Well, I suppose that 6/18 means that the first 6 plies are searched
full-width, or near-full-width. In fact maybe some optimizations are
done in the "full width" plies, like null-move, but it normally sees
everything a real full width search would see. Or almost everything,
99%.
But maybe I'm wrong. If you want to prove that the "first" plies are
searched asymetrically, I suggest that you turn off the selective part
(selective search=0), to simplify everything. I think a lot of Genius
magic is in the selective part, so it would be interesting to see what
is left when you remove this part.
Could you try to see if Rxe6 is found or not, and at which depth? Maybe
something can get clear with experiments like this.

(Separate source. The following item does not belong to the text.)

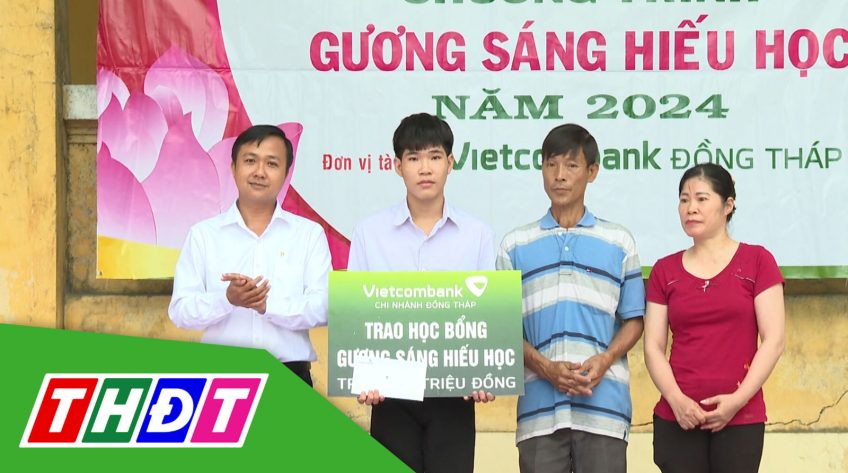 Gương sáng hiếu học - 18/9/2024: Sinh viên Nguyễn Anh Hào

>Maximal peak of extensions ?
>I don't think so.
>What is S18 ??
>6+12 = 18 ??
>
>
>I still believe the old dedicated-machine search depth indicator's were
>always misunderstood.
Unfortunately I cannot say anything about this, because I only have
Genius for PC. But maybe you can see if MxSy (on the dedicated machines)
is the same as x/y on Genius. Just give the same position, stop the
search as soon as the key move is found, and compare the lines.
From what I see when I use Genius, I think the first number is
"full-width depth", and the second is "selective depth (peak)".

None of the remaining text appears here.